The lap quilt is also the size I use for a baby quilt.

I make a nap quilt 60 x 44. That is the size I made for my dad for his 90th birthday. He could use it when he watched tv in his recliner chair. It was long enough if he wanted to cover up for a nap. If I am piecing the top, I buy 1 2/3 yds of 45" fabric for the backing. That is 60". I would probably buy a little extra to allow for shrinkage when I prelaunder.

A nap quilt can be folded across the foot of a twin bed and is just about right for an extra layer.

BTW, I made camper quilts for DH and me. Mine was 72 x 44 and his was about 6" longer. I used a print for the top and a solid that I had in my stash for the backing. I bought an inexpensive economy acrylic blanket for the batt. I got a size that could be cut in half and double layered to fit the size I was making. I tied/tacked them to stabilize.

One improvement I would make on on the camper quilt would be an 18" pocket like a quillow. That would provide a foot pocket. 

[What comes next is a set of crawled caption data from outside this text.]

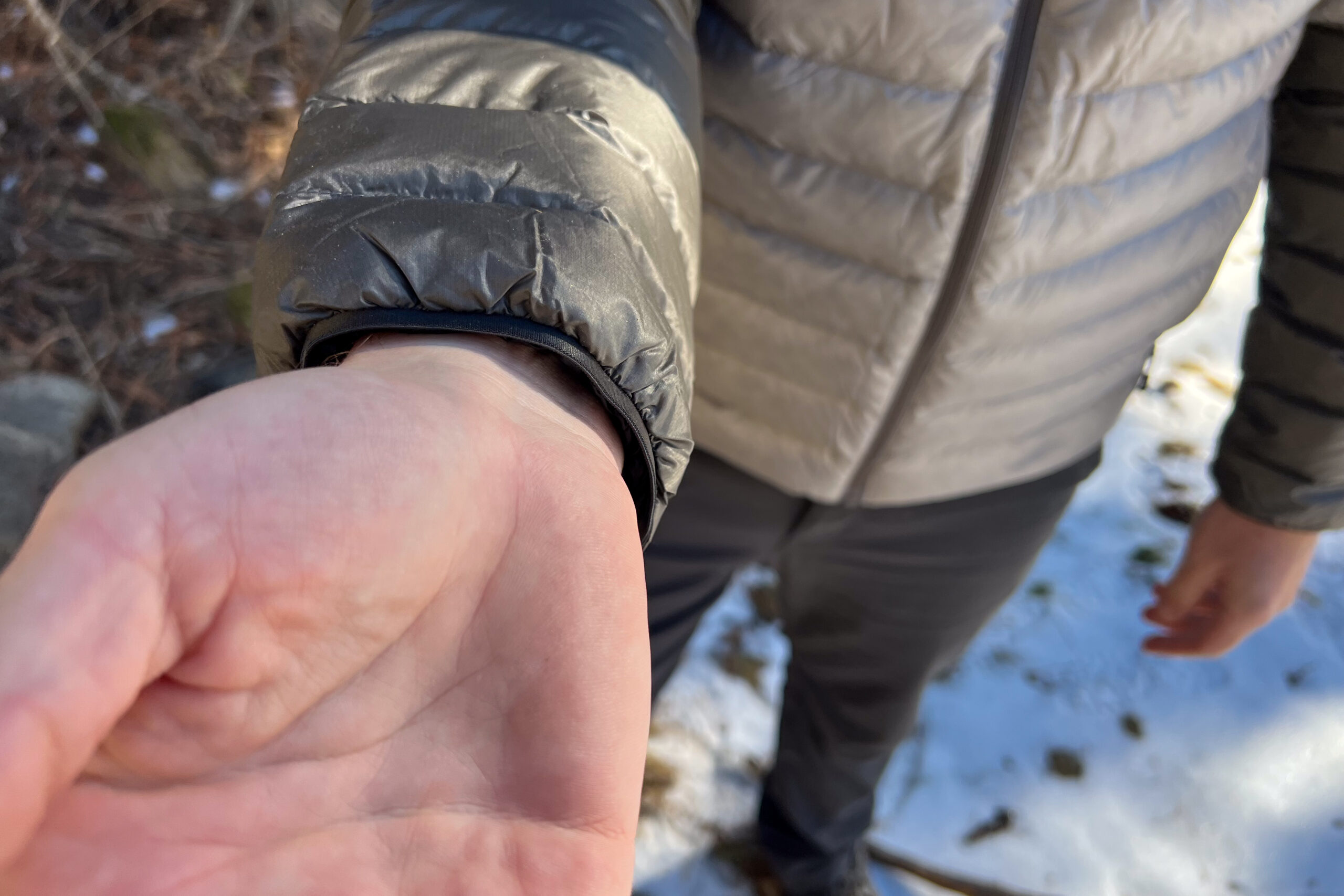 Close-up of the elastic cuff on the REI Magma 850 Down Hoody, highlighting its basic design and snug fit.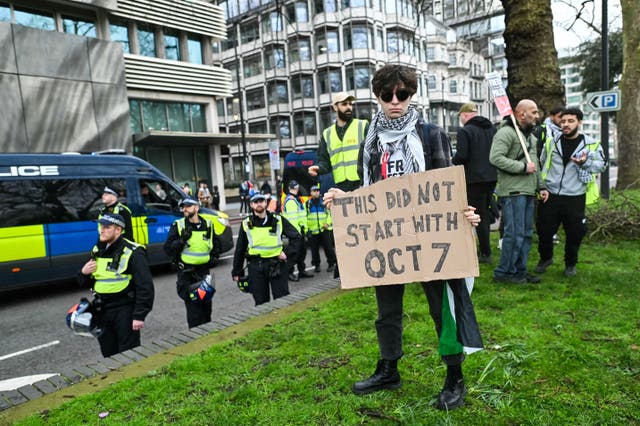 <p>You’d better move on:  police keep a watchful eye over a protester at the National March for Palestine in London last month  </p>
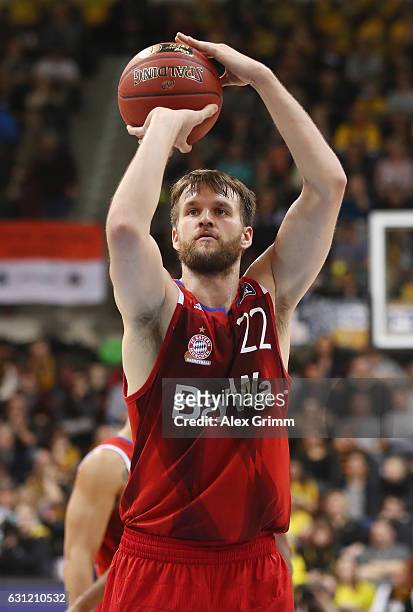 Danilo Barthel of Muenchen shoots a free throw during the easyCredit BBL match between MHP Riesen Ludwigsburg and FC Bayern Muenchen at MHP Arena on...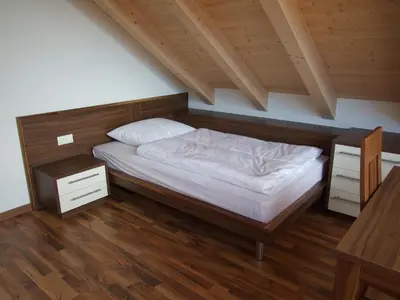 a bedroom with a bed and a wooden floor at Apartments Tauberhof in Naz-Sciaves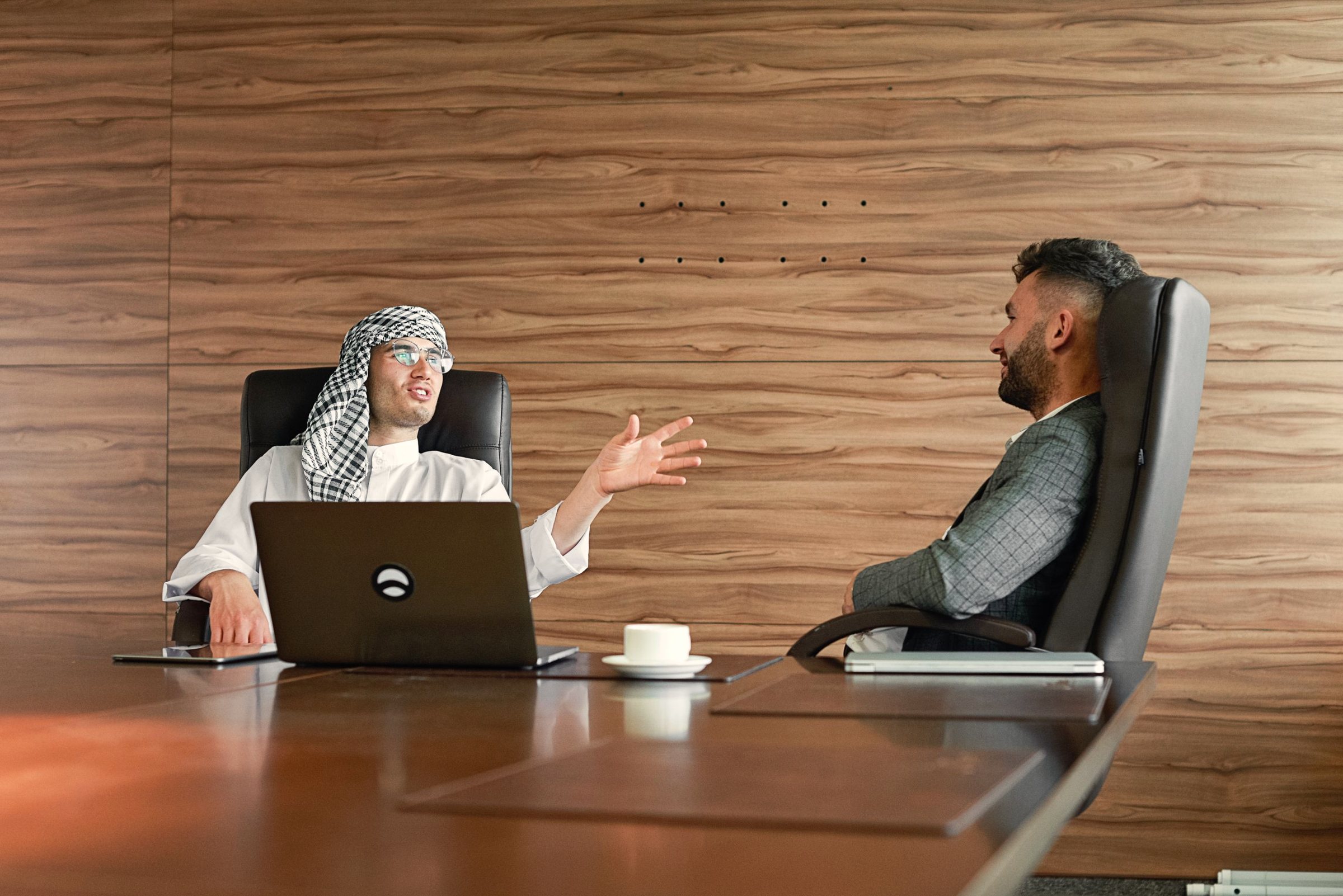 Two advisors reviewing a company file together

Let us know what you decide to do.


----------



## Maura

If you are making a denim rag quilt (denim on one side, other fabrics on the other) you can just keep adding until you run out of fabric.


----------



## Sabre3of4

I usually make mine 60" X 60" so there is room for tucking the quilt under me and a kid as we both snuggle under it. It seems to work for us.

Sabrina


----------



## crazygardener

I was going to suggest a denim rag quilt. You can make 8" x 8" squares, the western shirt material on top, batting in the middle, denim on the back side, sew/quilt one big "X" through the square, when you have all the squares you want to make, you sew them together, leaving about an 1" to 2" seam, facing the front, when you get all the squares sewen together, you clip all the seams, wash it so the seams will fray, "walla...denim rag quilt with all the top pieces out of the western shirts, what a memory quilt.
:dance:

Sheryl


----------



## featherbottoms

Thanks everyone. I think I'll take the clothes and lay them out on the bed to see how much I have. I would guess that will determine the size. I also don't know about batting and backing. I may try to make the back and front out of the clothes and buy the batting. 

I'm pretty sure I don't have enough to make anything very large, and may not have the patience for something bigger either. I don't have a sewing machine, and I will be doing this by hand, so I may use slightly larger squares to maybe get finished before Christmas.

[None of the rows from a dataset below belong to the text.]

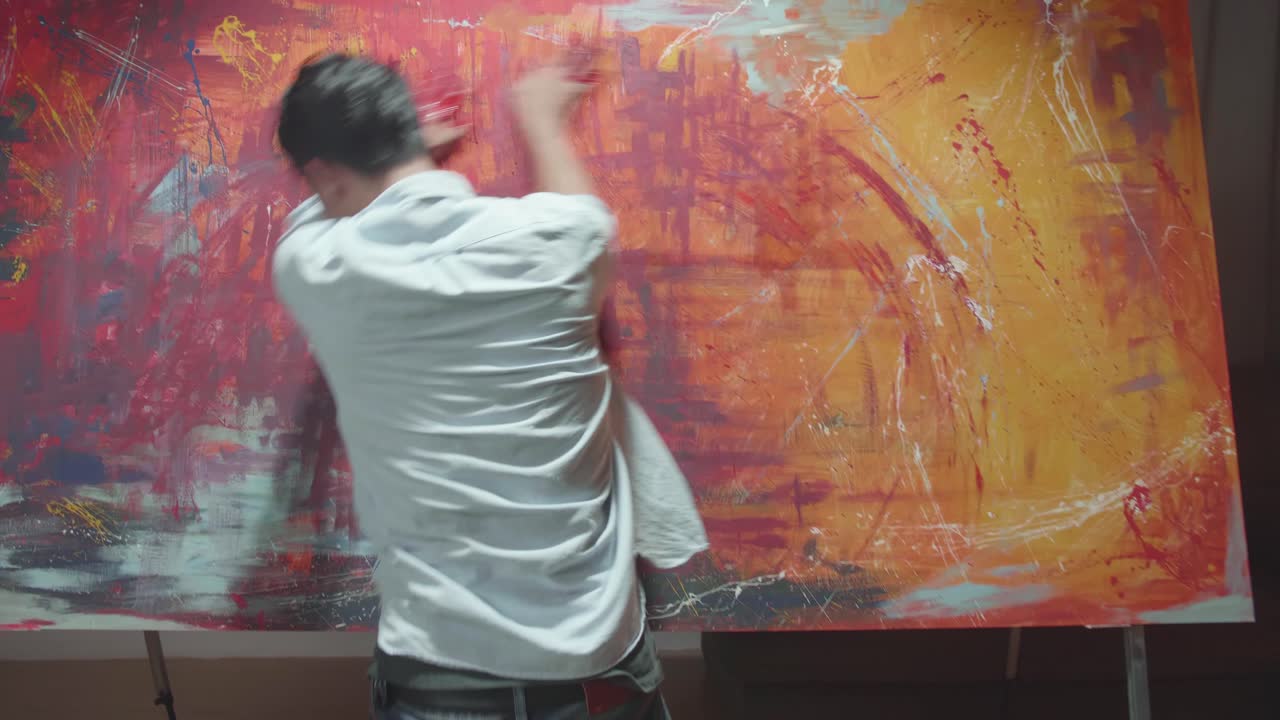 Male Artist Draws With His Hands On The Large Canvas, Using Hands Creates Colorful, Emotional, Sensual Painting. Contemporary Painter Creating Abstract Modern Art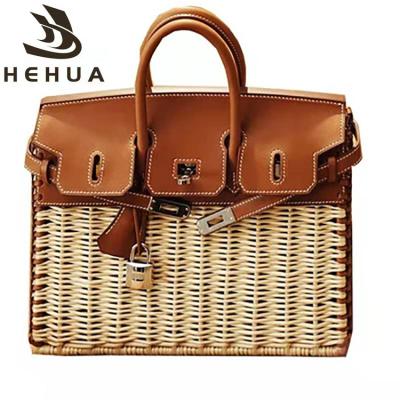 China Fashion New Straw Bag Rattan Holiday Beach Handmade Straw Bag Shoulder Straw First Layer Leather for sale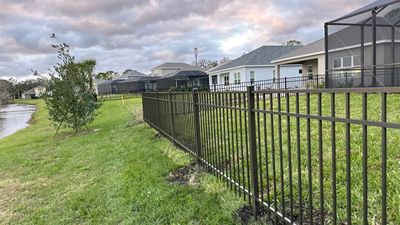 Aluminum Fence Installation using Black 3 Rail Aluminum Fence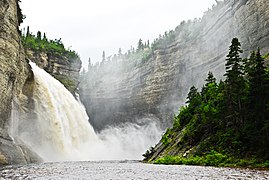 Cliff wall, fall and Vauréal River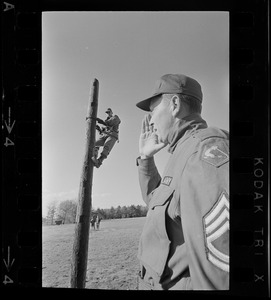 US Army solider on top of pole, and another soldier shouting with hand to face in foreground during blackout in Boston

To embroider something on the corner (was thinking of putting his name and dates) I was thinking to just draw it out in pencil and then take a heavy yarn and sew over. Any other way to get something on there or a particular type of yarn/thread and needle?

Deb.


----------



## Garnet

Labels for quilts. A friend of mine liked to put a large label on the back of her quilts. She wrote in fairly large script and then embroidered using a running stitch. I don't remember what she used for thread.


----------



## Lynn Bodoni

I'd suggest doing a very simple quilt, maybe just squares out of the shirt backs. Of course, if you're doing hand sewing, you can make curved seams much easier than with a machine! But simple squares, when they are all of different materials, have their own charm, plus of course these squares will have memories attached to them. Or you could do simple hexagons, which I think are more attractive than squares, and they're a pain to do by machine.

If you CAN borrow a machine, though, your quilting will go a lot quicker.

For documenting, you need to put YOUR NAME and date on the quilt. Plus you can put additional information such as the title, "Memories of Deb's Dad" and his name and dates. Some fabric stores sell fabrics that can be put through a computer printer, though I've never tried this. Usually I use a quilting marker that will vanish with water, which is also sold at fabric and craft stores. Then I embroider over it, using embroidery floss and a stem stitch. Sometimes I cross stitch the info, using waste canvas.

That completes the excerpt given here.